#### Task prompt
Given these entries, repeat exactly the lines starting with the one that has "Community Morning Tea" and going on through the one that has "2008 C70 T5", both included, but none of the pictures.

#### Stored data
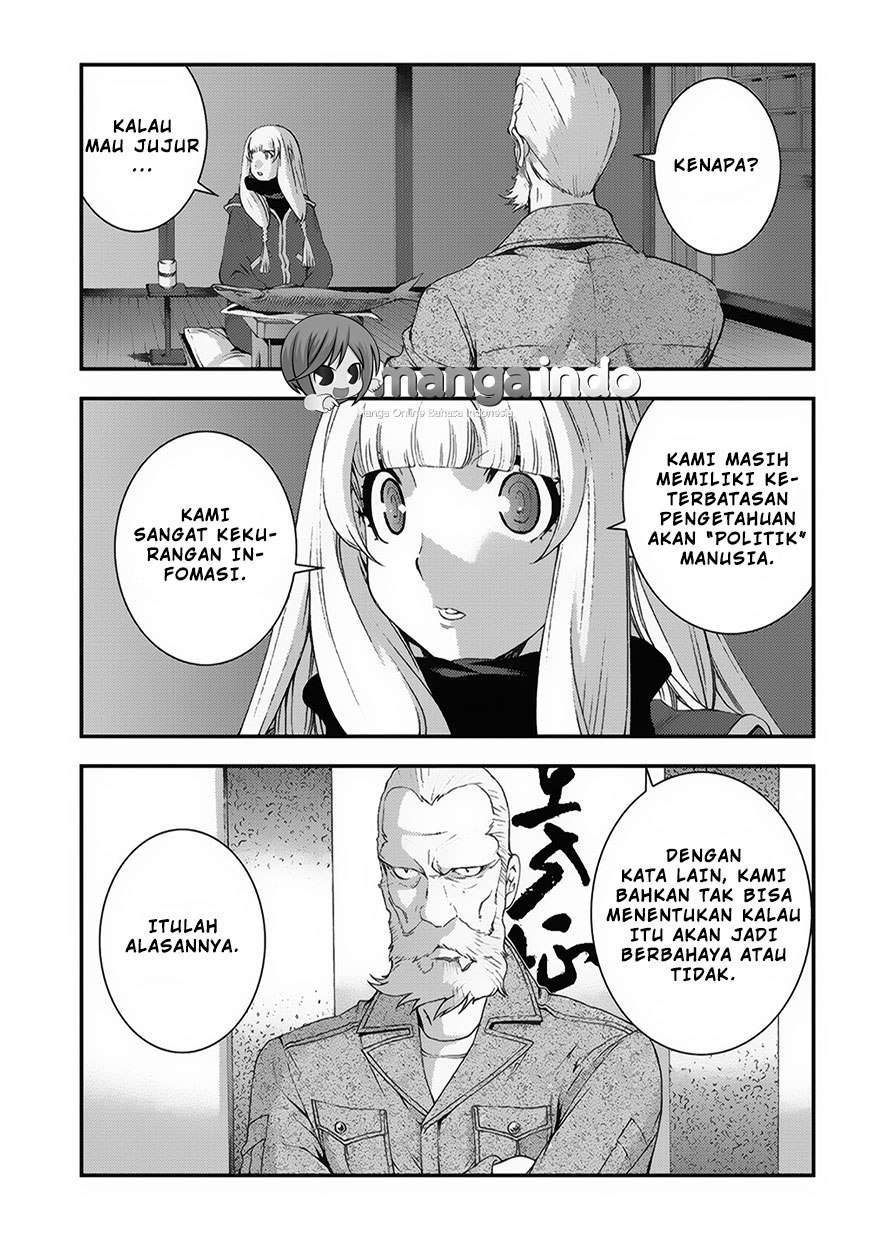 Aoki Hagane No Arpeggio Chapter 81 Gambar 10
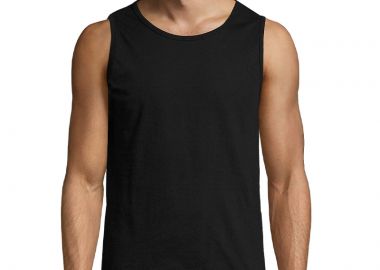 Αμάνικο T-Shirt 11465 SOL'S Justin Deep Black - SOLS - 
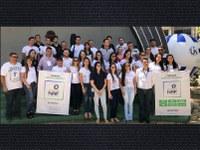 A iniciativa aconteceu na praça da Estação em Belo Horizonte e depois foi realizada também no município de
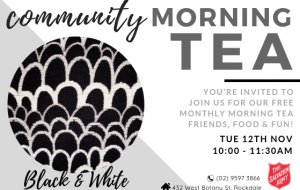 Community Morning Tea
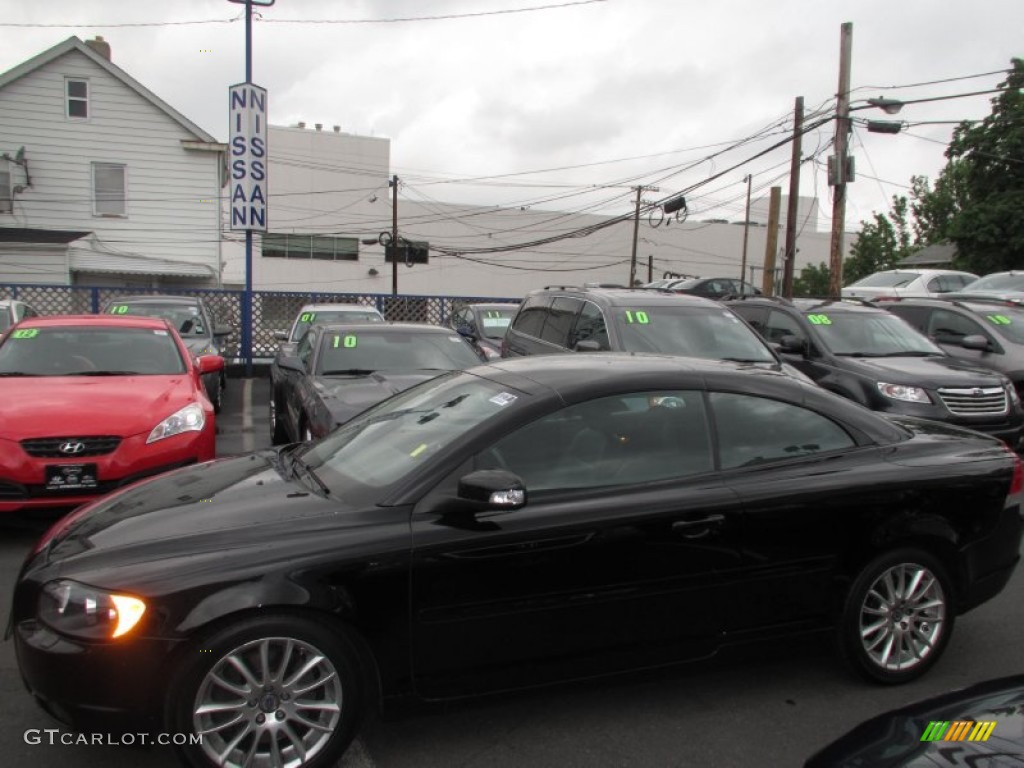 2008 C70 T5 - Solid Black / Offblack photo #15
--
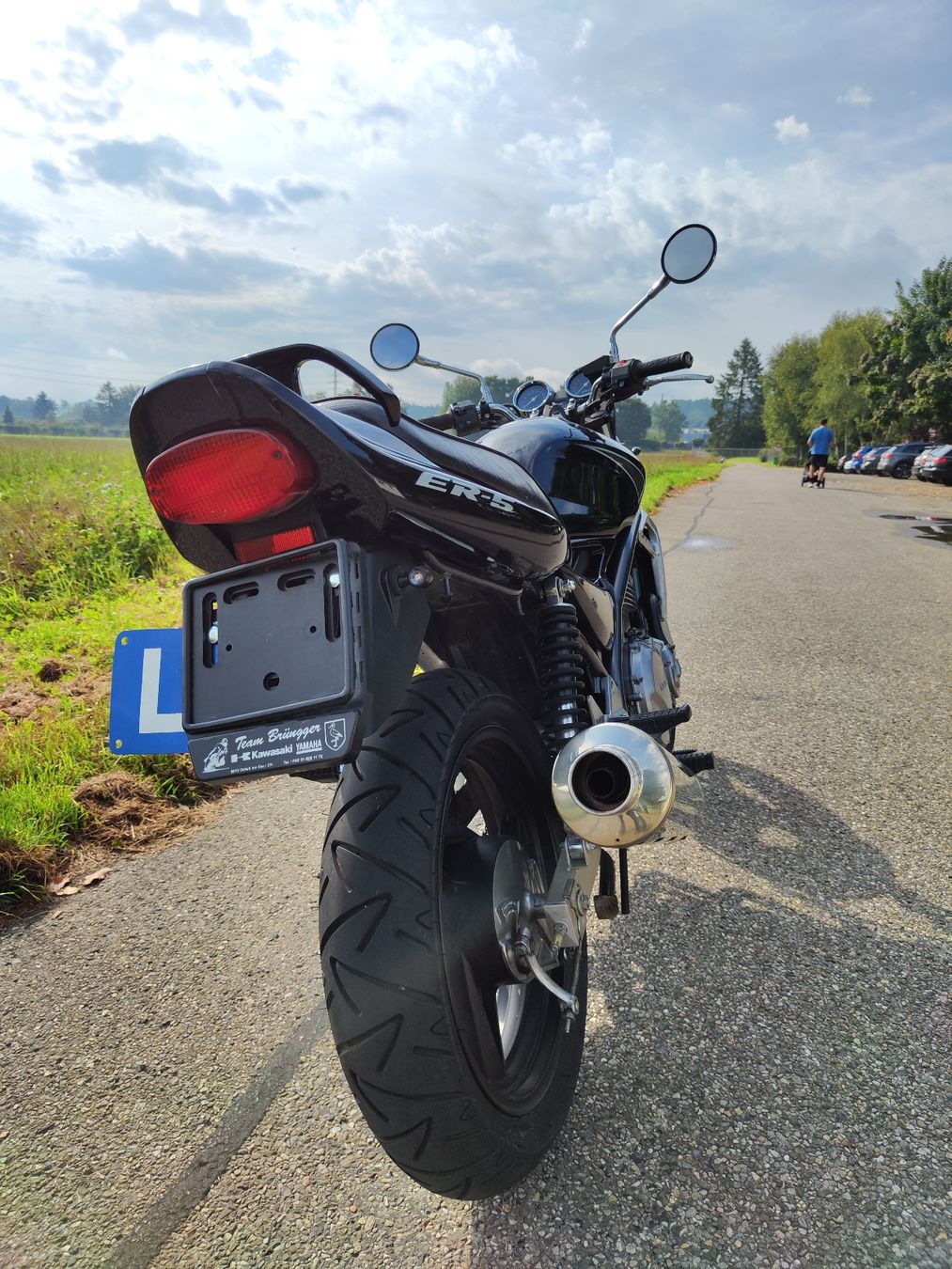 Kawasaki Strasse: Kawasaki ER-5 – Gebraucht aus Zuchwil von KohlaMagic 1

#### Completed task
 Community Morning Tea
 2008 C70 T5 - Solid Black / Offblack photo #15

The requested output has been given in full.